In the first movie, these rules are the reasons why Ms. Perkins' membership was revoked and her life was forfeited, since she killed someone within the building.

In the second movie, these same rules are the reasons:

  • John and Cassian stopped fighting when they rammed through a Continental window during their brawling.
  • John got his membership revoked from killing someone.

However, during the first movie, after John told Charon over the phone that he was "dealing with an uninvited guest", the latter asked him whether or not he'd need "a dinner reservation" (hinting to the possibility of killing Ms. Perkins).

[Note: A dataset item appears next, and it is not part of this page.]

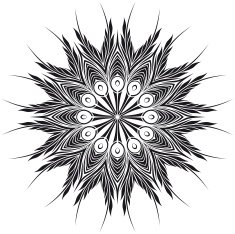 Abstract vintage floral N3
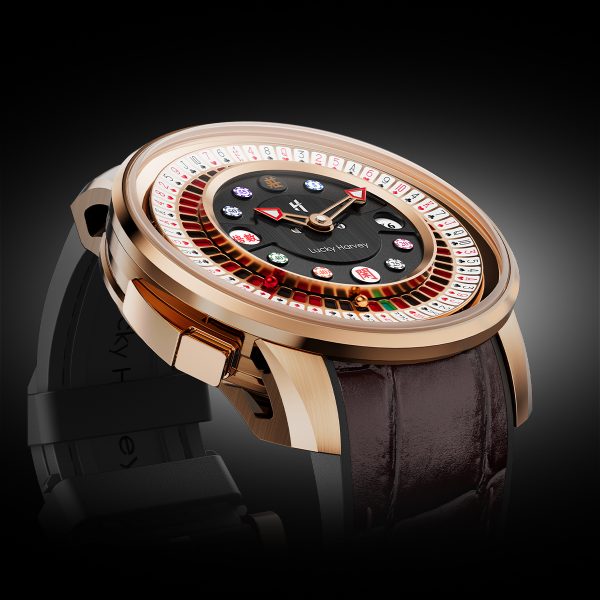Lucky Harvey New Silver Poker Roulette Automatic Watch - Image 4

Considering that the rules prohibit killing in any way within the hotel, doesn't it mean that Charon would have taken a dinner reservation for 2, had John killed Ms. Perkins?

This question is related to this one. However, the other answer claims that self-defense doesn't count as killing. That doesn't explain why both John and Cassian stopped fighting. John was in a position of self-defense, which, according to the other answer, doesn't break the rules.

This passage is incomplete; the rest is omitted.